# A few clips



## Rob Broad (Sep 9, 2005)

There are few clips on my new website.


http://www.dynamickenpo.ca  just look where it says videos in yellow at the bottom of the list buttons.

BTW the clips are better with sound.


----------



## terryl965 (Sep 9, 2005)

Very nice website, video where fine like the club attack.

Terry L Stoker


----------



## MisterMike (Sep 9, 2005)

Oh yea! I definitely had the sound up! Nice job


----------



## Rob Broad (Sep 9, 2005)

While the sounds of the hands on the uniforms was great the little ummphs and ohs where much nicer to listen to.  The scariest thing is that is the only time those guys have ever seen me smile, unless I had a beer in my hand.


----------



## CrankyDragon (Sep 9, 2005)

If its not in WMV or MPEG or REAL format, I dont bother with it. QuickTime sux, but would still like to see them!


----------



## Casey_Sutherland (Sep 9, 2005)

Man that green belt is one good looking fellow


----------



## Rob Broad (Sep 9, 2005)

Casey_Sutherland said:
			
		

> Man that green belt is one good looking fellow




I don't know to me it looks like he laid around too much.


----------



## Rob Broad (Sep 15, 2005)

Thank you to everyone who visited my website.  I really appreciate the traffic, and the few comments I have recieved.


----------



## Rob Broad (Sep 16, 2005)

I added a poll in the video section.  That way we can find out what everybody's favorite clip is.


----------



## Cyber Ninja (Sep 18, 2005)

NGAzone said:
			
		

> If its not in WMV or MPEG or REAL format, I dont bother with it. QuickTime sux, but would still like to see them!

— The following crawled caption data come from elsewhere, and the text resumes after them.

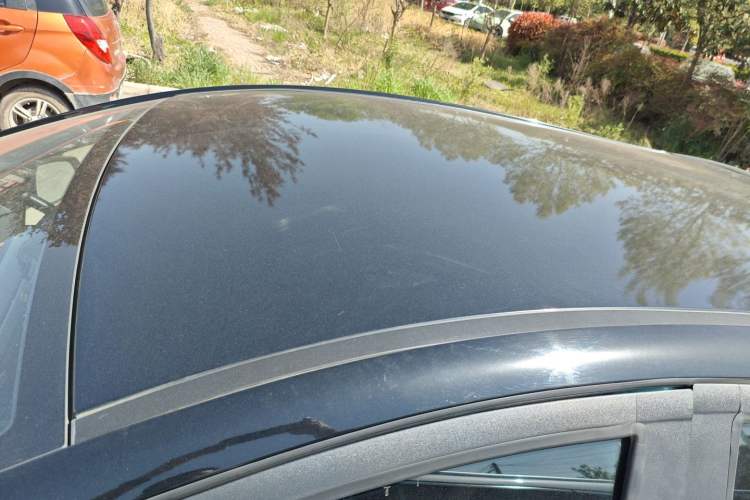 Used SOL E10X 2022 Flower Fairy Design Four-Leaf Clover
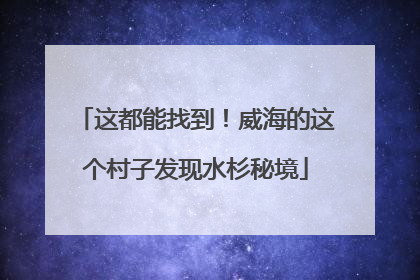这都能找到！威海的这个村子发现水杉秘境
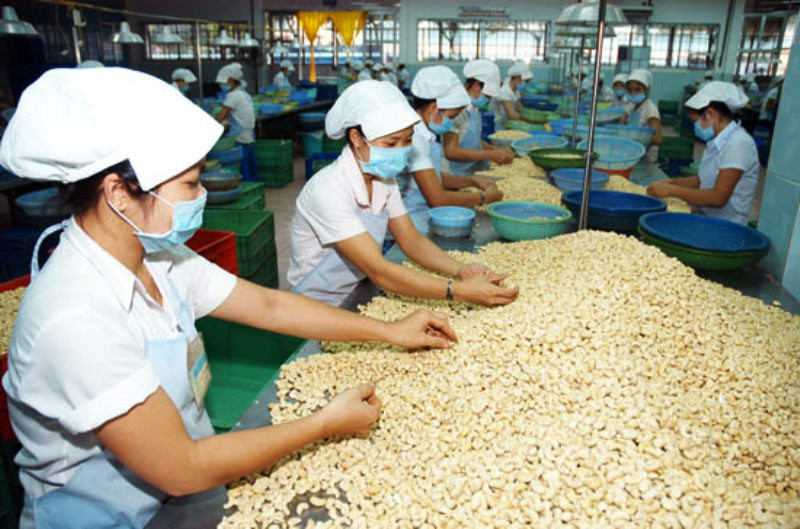 Thủ Tướng Chỉ Đạo Khẩn Trương Tháo Gỡ Khó Khăn Cho Doanh Nghiệp Xuất Khẩu Điều Sang Châu Âu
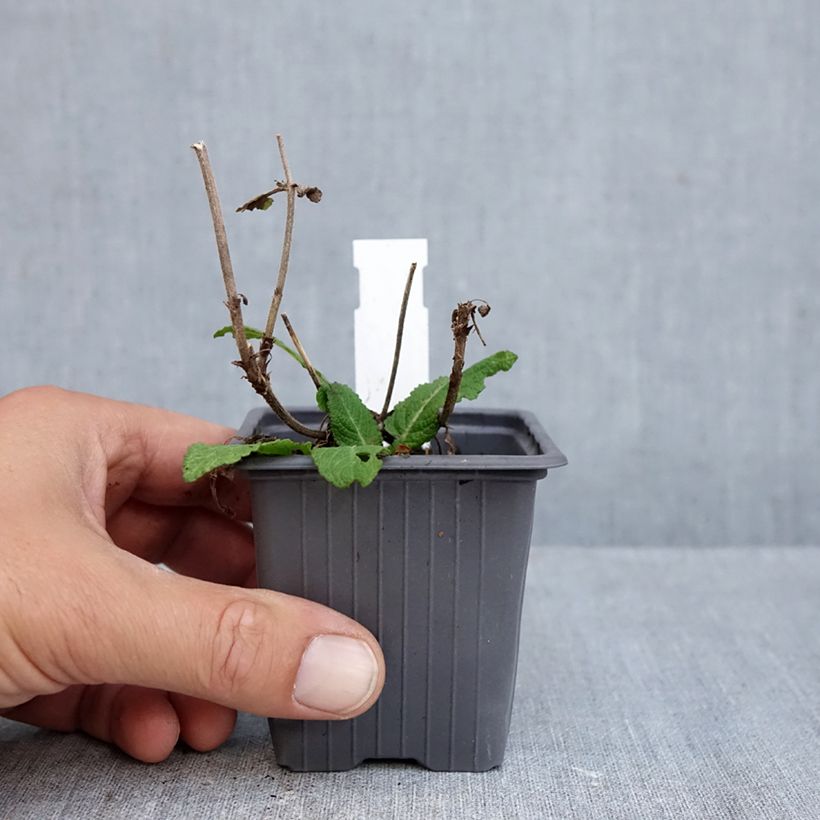 Spécimen de Salvia nemorosa Katsjing - Sauge des bois Godet de 8/9 cm tel que livré en automne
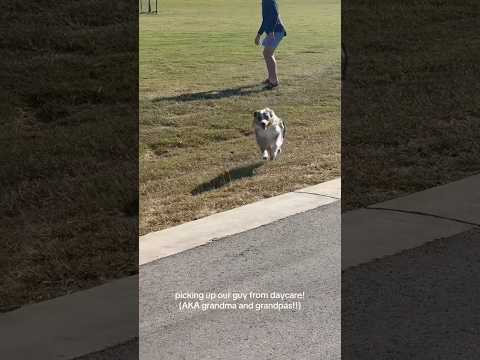 A Dog’s Love Has One Priority #funny #dog #mom #shorts #foryou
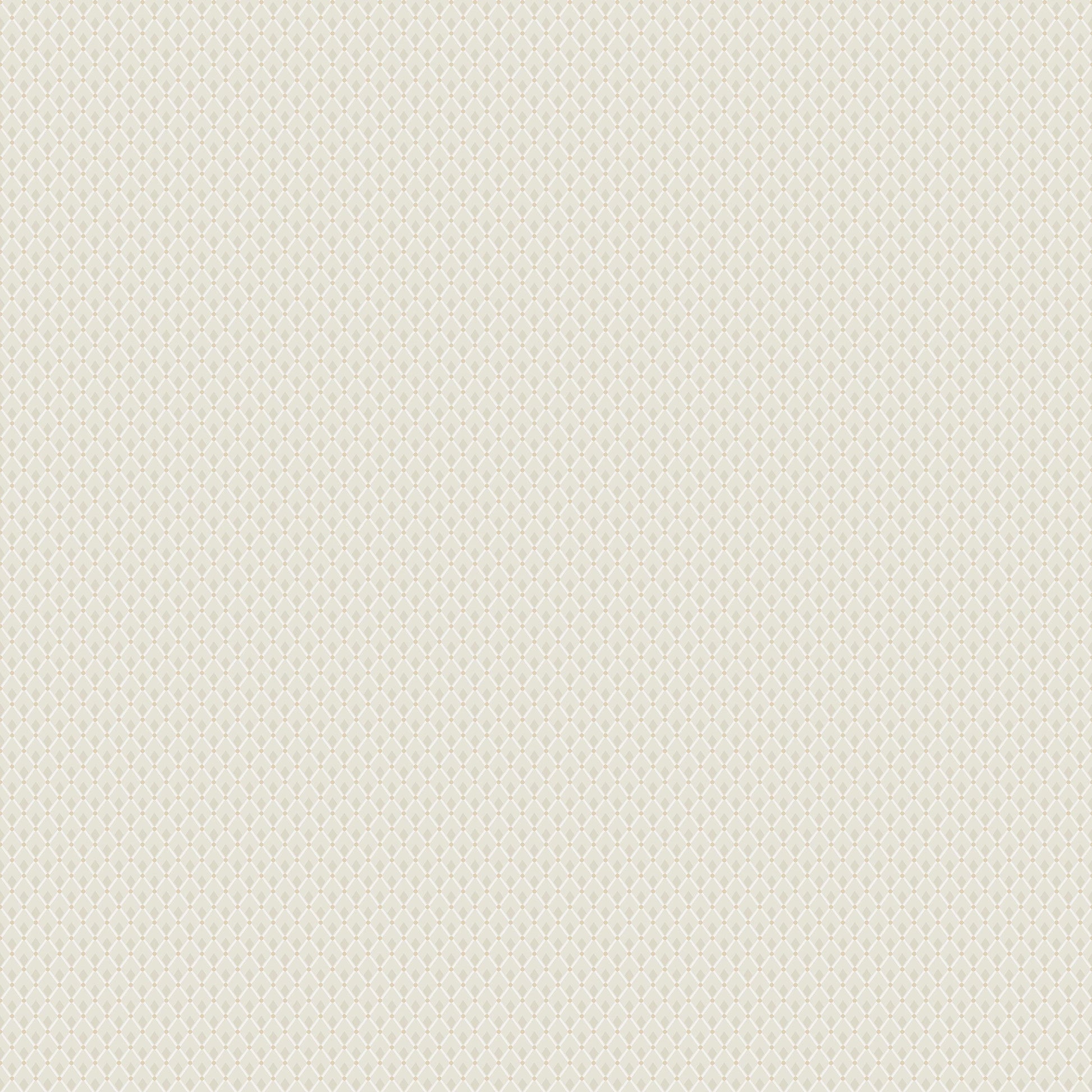 Beige Grafisch - BS87-0132 - Image1 - Timeless Traditions - 3287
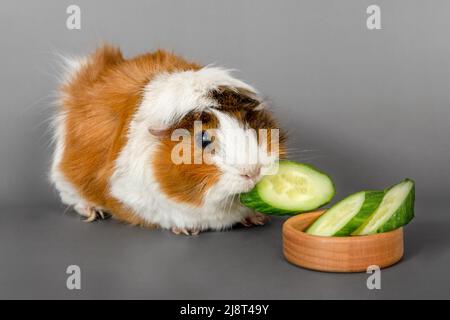 Guinea pig rosette on a gray background. Fluffy cute rodent guinea pig eating a cucumber on colored background Stock Photo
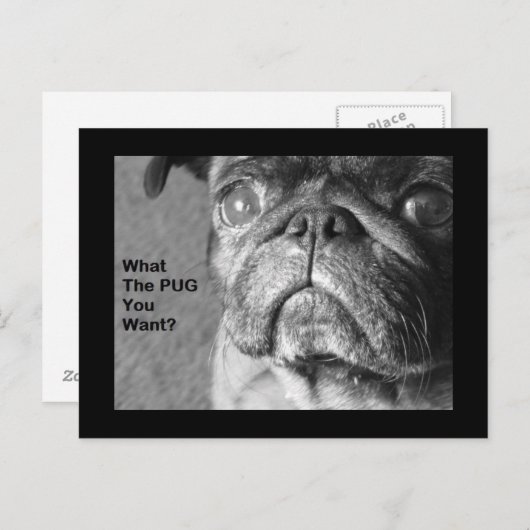 Wat de pug briefkaart (Voorkant / Achterkant)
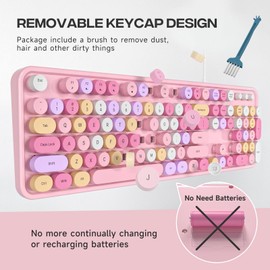 Dilter Wired Keyboard, 104 Keys Full-Sized Typewriter Keyboards, USB Plug and Play Office Keyboard with Number Pad, Caps Indicators, Foldable Stands for Windows, PC, Laptop (Pink Colorful)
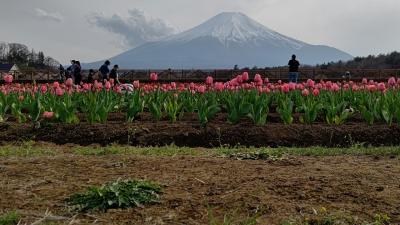山中湖花の都公園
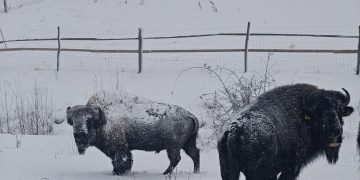 Primii bizoni americani au ajuns în Maramureș: o familie de antreprenori aduce două exemplare la Păstrăvăria Alex din Mara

Quicktime is awesome. Very nice clips...


----------



## kevin kilroe (Sep 20, 2005)

Good job. Are the techniques such as rear bear hug, straight right punch, etc. Parker techniques or is that the spontanious stage coming out in you?

Kevin Kilroe


----------



## Sapper6 (Sep 20, 2005)

right club attack and "twirling warriors" are the same...was that intended?

BTW, i like the right stomp, left low hook, right low wheel, palm heel incorperated in that clip.   nice display of control of motion.

 :asian:


----------



## Rob Broad (Sep 20, 2005)

kevin kilroe said:
			
		

> Good job. Are the techniques such as rear bear hug, straight right punch, etc. Parker techniques or is that the spontanious stage coming out in you?
> 
> Kevin Kilroe



Back Breaker and Parting Wings are actual techniques,  Twirling warrior is actuall Whirling Warrior from the Tracy system with some modifiacations(Web guy messed up the name).  The rest are spontaneous attacks, I just let them attack how they wanted.


----------



## Rob Broad (Sep 20, 2005)

Sapper6 said:
			
		

> right club attack and "twirling warriors" are the same...was that intended?
> 
> BTW, i like the right stomp, left low hook, right low wheel, palm heel incorperated in that clip.   nice display of control of motion.
> 
> :asian:



Again web guy messed up and two of teh clips are the same.  


I learned a long time ago not to break my toys, because they are too hard to replace. lol


----------



## Sapper6 (Sep 20, 2005)

regardless, great control of lower body motion!

i always liked that repetitive strike aspect.  keep up the great work Rob, much appreciated!!!

 :asian:


----------